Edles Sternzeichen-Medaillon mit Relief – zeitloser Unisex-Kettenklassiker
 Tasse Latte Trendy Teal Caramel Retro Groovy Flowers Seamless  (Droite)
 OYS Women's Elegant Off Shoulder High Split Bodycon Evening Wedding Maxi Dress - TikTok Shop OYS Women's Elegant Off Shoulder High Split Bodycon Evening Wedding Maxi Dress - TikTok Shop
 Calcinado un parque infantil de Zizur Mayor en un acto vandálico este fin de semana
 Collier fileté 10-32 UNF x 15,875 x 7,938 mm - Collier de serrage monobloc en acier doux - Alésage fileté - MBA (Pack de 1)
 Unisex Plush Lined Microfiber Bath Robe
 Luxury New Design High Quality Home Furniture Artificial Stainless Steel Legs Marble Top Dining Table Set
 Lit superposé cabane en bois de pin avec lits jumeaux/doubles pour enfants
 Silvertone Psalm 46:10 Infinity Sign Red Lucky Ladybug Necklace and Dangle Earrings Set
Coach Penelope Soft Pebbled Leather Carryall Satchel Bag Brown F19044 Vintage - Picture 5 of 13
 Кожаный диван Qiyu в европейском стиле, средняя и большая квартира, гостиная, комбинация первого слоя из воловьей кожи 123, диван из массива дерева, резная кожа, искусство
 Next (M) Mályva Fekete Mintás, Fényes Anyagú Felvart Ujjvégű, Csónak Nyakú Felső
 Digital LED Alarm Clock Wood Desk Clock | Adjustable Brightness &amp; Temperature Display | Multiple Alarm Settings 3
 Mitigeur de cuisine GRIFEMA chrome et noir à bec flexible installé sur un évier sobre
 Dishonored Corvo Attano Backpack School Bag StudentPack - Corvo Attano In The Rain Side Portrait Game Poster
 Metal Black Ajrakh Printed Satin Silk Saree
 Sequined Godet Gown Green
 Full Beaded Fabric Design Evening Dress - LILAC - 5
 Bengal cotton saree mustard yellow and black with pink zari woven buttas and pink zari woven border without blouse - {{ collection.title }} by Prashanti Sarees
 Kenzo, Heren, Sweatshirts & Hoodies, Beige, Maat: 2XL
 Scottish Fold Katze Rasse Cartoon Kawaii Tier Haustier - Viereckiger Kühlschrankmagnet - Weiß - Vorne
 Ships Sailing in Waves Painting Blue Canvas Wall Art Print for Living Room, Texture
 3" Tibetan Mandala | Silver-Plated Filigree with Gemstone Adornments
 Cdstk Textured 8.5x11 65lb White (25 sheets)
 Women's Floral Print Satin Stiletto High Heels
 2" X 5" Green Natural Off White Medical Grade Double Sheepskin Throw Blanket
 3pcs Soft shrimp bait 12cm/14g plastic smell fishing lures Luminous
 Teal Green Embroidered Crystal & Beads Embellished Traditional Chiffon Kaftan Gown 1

-=-=-

# [Task prompt]
Each record must be returned exactly as it is written.

# [Result below]
Edles Sternzeichen-Medaillon mit Relief – zeitloser Unisex-Kettenklassiker
 Tasse Latte Trendy Teal Caramel Retro Groovy Flowers Seamless  (Droite)
 OYS Women's Elegant Off Shoulder High Split Bodycon Evening Wedding Maxi Dress - TikTok Shop OYS Women's Elegant Off Shoulder High Split Bodycon Evening Wedding Maxi Dress - TikTok Shop
 Calcinado un parque infantil de Zizur Mayor en un acto vandálico este fin de semana
 Collier fileté 10-32 UNF x 15,875 x 7,938 mm - Collier de serrage monobloc en acier doux - Alésage fileté - MBA (Pack de 1)
 Unisex Plush Lined Microfiber Bath Robe
 Luxury New Design High Quality Home Furniture Artificial Stainless Steel Legs Marble Top Dining Table Set
 Lit superposé cabane en bois de pin avec lits jumeaux/doubles pour enfants
 Silvertone Psalm 46:10 Infinity Sign Red Lucky Ladybug Necklace and Dangle Earrings Set
Coach Penelope Soft Pebbled Leather Carryall Satchel Bag Brown F19044 Vintage - Picture 5 of 13
 Кожаный диван Qiyu в европейском стиле, средняя и большая квартира, гостиная, комбинация первого слоя из воловьей кожи 123, диван из массива дерева, резная кожа, искусство
 Next (M) Mályva Fekete Mintás, Fényes Anyagú Felvart Ujjvégű, Csónak Nyakú Felső
 Digital LED Alarm Clock Wood Desk Clock | Adjustable Brightness &amp; Temperature Display | Multiple Alarm Settings 3
 Mitigeur de cuisine GRIFEMA chrome et noir à bec flexible installé sur un évier sobre
 Dishonored Corvo Attano Backpack School Bag StudentPack - Corvo Attano In The Rain Side Portrait Game Poster
 Metal Black Ajrakh Printed Satin Silk Saree
 Sequined Godet Gown Green
 Full Beaded Fabric Design Evening Dress - LILAC - 5
 Bengal cotton saree mustard yellow and black with pink zari woven buttas and pink zari woven border without blouse - {{ collection.title }} by Prashanti Sarees
 Kenzo, Heren, Sweatshirts & Hoodies, Beige, Maat: 2XL
 Scottish Fold Katze Rasse Cartoon Kawaii Tier Haustier - Viereckiger Kühlschrankmagnet - Weiß - Vorne
 Ships Sailing in Waves Painting Blue Canvas Wall Art Print for Living Room, Texture
 3" Tibetan Mandala | Silver-Plated Filigree with Gemstone Adornments
 Cdstk Textured 8.5x11 65lb White (25 sheets)
 Women's Floral Print Satin Stiletto High Heels
 2" X 5" Green Natural Off White Medical Grade Double Sheepskin Throw Blanket
 3pcs Soft shrimp bait 12cm/14g plastic smell fishing lures Luminous
 Teal Green Embroidered Crystal & Beads Embellished Traditional Chiffon Kaftan Gown 1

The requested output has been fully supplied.